The taxonomy of thoughts

Ashton Welcome
2 min readDec 18, 2021
Photo by Mikel Parera on Unsplash

As a botanist, part of my job is to identify plants that other people or myself have either collected or photographed. When there is one dry plant specimen laying on your desk, this feels like a simple task. All you need to do is to look at the important characters and match it to a plant species that has already (in most instances) been named and described. The more dried plants and photographs that start to pile up on your desk and in your inbox, the more overwhelming this task starts to feel.

I recently allowed an epic pile of dry plant specimens to build up on my desk. The higher the pile got, the more impossible the task of identifying even one of those specimens felt.

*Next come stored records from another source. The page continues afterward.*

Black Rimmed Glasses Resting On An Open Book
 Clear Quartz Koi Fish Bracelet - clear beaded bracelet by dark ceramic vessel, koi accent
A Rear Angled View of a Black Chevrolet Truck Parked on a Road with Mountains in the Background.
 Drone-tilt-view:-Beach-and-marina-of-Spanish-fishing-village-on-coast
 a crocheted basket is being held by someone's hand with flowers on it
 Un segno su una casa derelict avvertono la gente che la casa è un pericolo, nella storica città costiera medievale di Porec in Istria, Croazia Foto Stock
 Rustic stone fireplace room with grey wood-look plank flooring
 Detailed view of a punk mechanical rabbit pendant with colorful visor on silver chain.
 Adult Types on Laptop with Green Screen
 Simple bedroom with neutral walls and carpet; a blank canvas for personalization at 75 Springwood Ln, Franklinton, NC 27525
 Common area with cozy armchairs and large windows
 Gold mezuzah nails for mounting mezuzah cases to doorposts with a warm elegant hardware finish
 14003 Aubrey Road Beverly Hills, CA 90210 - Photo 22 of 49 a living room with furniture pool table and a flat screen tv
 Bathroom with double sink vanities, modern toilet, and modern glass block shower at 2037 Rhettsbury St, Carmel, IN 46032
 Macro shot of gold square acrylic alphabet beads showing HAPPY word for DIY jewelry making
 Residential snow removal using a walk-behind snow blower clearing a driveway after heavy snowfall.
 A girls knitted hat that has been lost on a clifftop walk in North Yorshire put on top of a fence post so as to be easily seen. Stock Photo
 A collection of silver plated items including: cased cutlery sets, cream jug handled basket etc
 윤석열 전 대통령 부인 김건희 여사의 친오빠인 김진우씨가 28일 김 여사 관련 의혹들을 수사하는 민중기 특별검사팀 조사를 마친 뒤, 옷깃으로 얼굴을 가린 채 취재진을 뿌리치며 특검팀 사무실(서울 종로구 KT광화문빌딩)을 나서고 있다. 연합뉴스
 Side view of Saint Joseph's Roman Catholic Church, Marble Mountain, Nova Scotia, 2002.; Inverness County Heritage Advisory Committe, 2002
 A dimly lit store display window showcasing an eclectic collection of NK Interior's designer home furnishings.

I stayed up one night, unable to fall asleep, wondering where I would even start. With so many other thoughts running a mock in my mind, unrelated to plants and especially unrelated to sleep…I realized how similar plants were to thoughts.

Each thought has a name and a description and a relationship to other thoughts. One thought, laying on your desk, feels like a simple task; however, when you let these thoughts pile up, it can become very overwhelming.

To be able to identify a plant specimen, it is usually helpful when there is a flower or fruit present. It is also very important to know where exactly the specimen was collected. This is true for thoughts too…it is helpful to know the flower or fruit of a thought (the product of your thought; how does your thought make you feel). It is also especially important to know where your thought comes from; a conversation, an experience?

When you are able to classify your thought, you are able to name it and to file it away.